Both my husband and I started experiencing the same challenge two days ago -- NEITHER UBER OR LYFT APPS MAKE AN AUDIBLE PING when a new ride request comes in. Anybody else having this challenge? We just started using the two apps simultaneously on our iPhones (a 5s and a 6s+). When you reboot it might ping audibly once, but then after that no sound. The WAZE navigation voice comes through fine. Just the pings can't be heard. We miss rides like crazy unless we stare at our phone (which is impossible if you are driving in traffic!) Any ideas or help???


----------



## zordac

lswdriver said:


> Both my husband and I started experiencing the same challenge two days ago -- NEITHER UBER OR LYFT APPS MAKE AN AUDIBLE PING when a new ride request comes in. Anybody else having this challenge? We just started using the two apps simultaneously on our iPhones (a 5s and a 6s+).

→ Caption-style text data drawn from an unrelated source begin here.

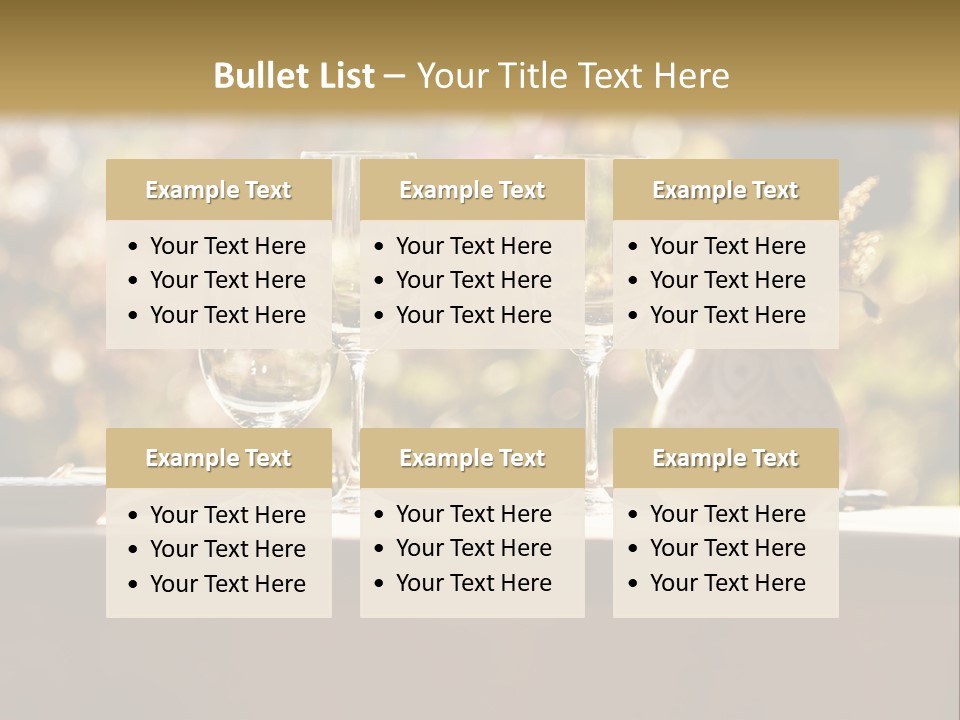 A Table Topped With Two Wine Glasses And A Vase Filled With Flowers PowerPoint Template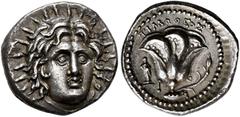 GREEK COINS ISLANDS OFF CARIA.   RHODOS. Didrachm, about 250-230. AR 6.53 g. Radiate, facing head of Helios, slightly turned r. Rev. P - O Open rose with bud on the r. side; in field l., facing statue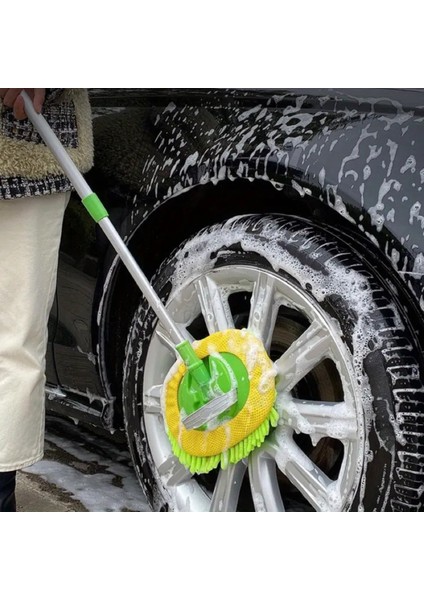 Araba Yıkama Fırçası, Araba Mopu, 1 Adet Yedek Bezli Paspas Jant Temizleme Fırçası fiyatları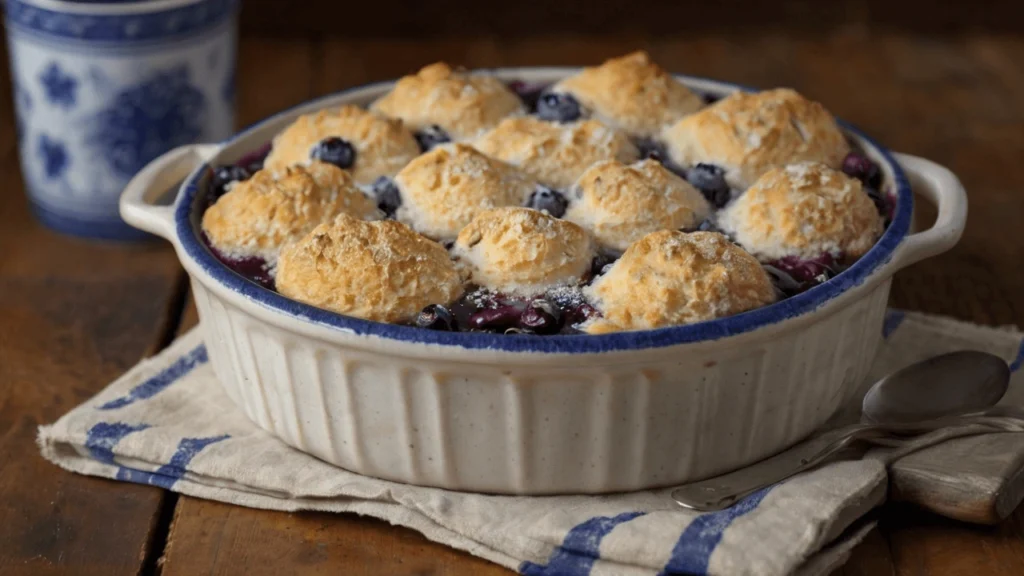 A freshly baked blueberry cobbler with a golden, crispy crust.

When you reboot it might ping audibly once, but then after that no sound. The WAZE navigation voice comes through fine. Just the pings can't be heard. We miss rides like crazy unless we stare at our phone (which is impossible if you are driving in traffic!) Any ideas or help???


The only thing I could think of is somehow the volume is turned down in the Uber Account settings of your Driver app.


----------



## lswdriver

zordac said:


> The only thing I could think of is somehow the volume is turned down in the Uber Account settings of your Driver app.


Zordac, thanks so much for replying! I've more than double checked all my settings for sound. This am my husband was using Lyft (but it is the same on both) and it pinged audibly 3 times -- then after that went silent. It is the craziest thing. I keep hoping we'll find out what is happening! Maybe someone will see this and have a cure! Thanks again for taking time.


----------



## zordac

Have you tried uninstalling the app and re-installing it?
Just thought of something else since you and your husband use the app. Is it possible one of you is logged into the app on both phones so that it's confusing the app somehow? I'm assuming you both have separate driver accounts yeah?


----------



## lswdriver

We both have separate Uber and Lyft accounts and separate iPhones, but we share the same auto. We've tried deleting and re-installing, yes. It works for one or two pings and then goes silent. So strange.


----------